From the line containing "Prayagraj News :उत्तर" to the last line of the data below, copy everything exactly and nothing else; pictures stay out.

◆ Source data:
▶
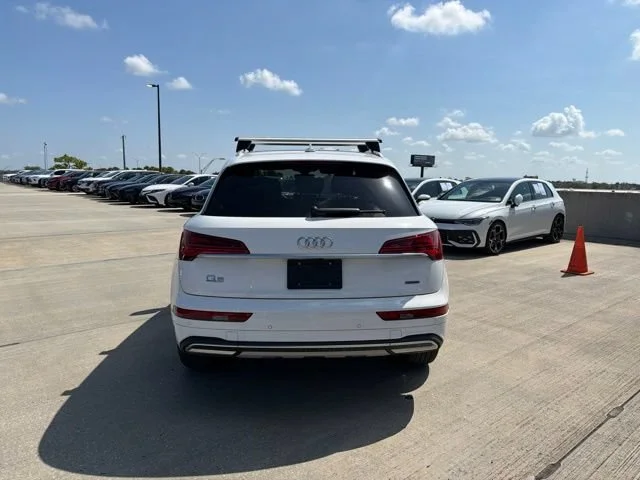 Used 2023 Ibis White Audi Premium image 4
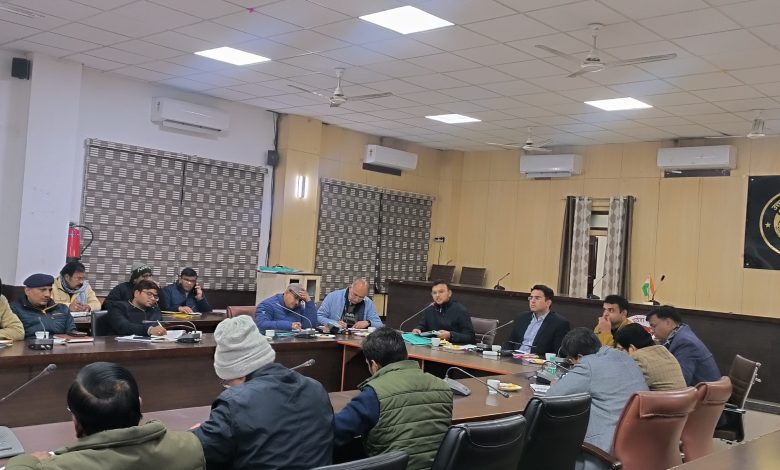 Prayagraj News :उत्तर प्रदेश दिवस को गौरवपूर्ण एवं सकुशल ढंग से मनाये जाने की तैयारियों के सम्बंध में बैठक सम्पन्न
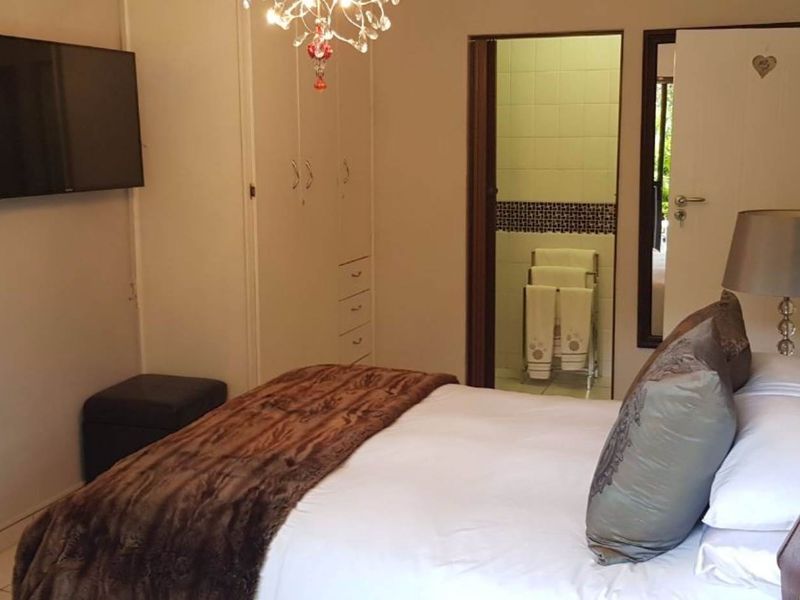 Elegance & Class! - Photo 7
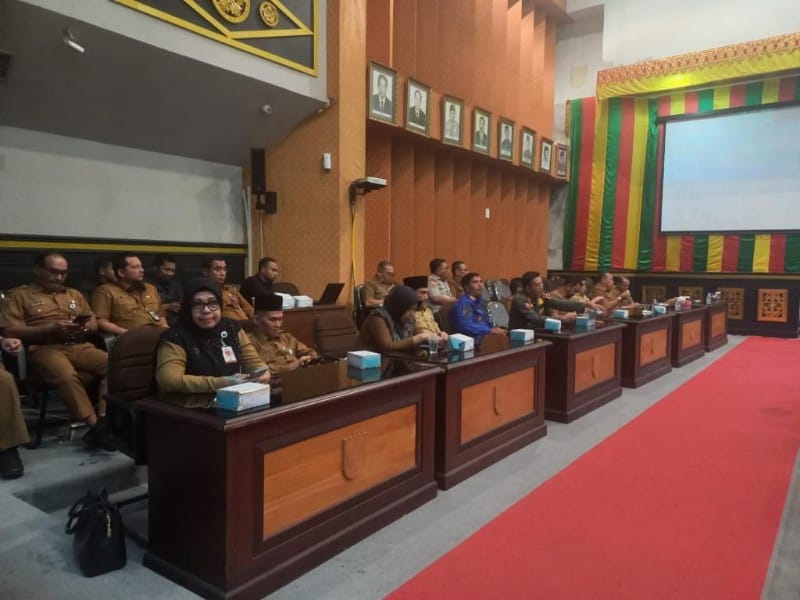  Ketua DPRD Pekanbaru Sampaikan Pidato Pengantar Ranperda APBD Perubahan 2023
◀
◆ Solved problem:
 Prayagraj News :उत्तर प्रदेश दिवस को गौरवपूर्ण एवं सकुशल ढंग से मनाये जाने की तैयारियों के सम्बंध में बैठक सम्पन्न
 Elegance & Class! - Photo 7
  Ketua DPRD Pekanbaru Sampaikan Pidato Pengantar Ranperda APBD Perubahan 2023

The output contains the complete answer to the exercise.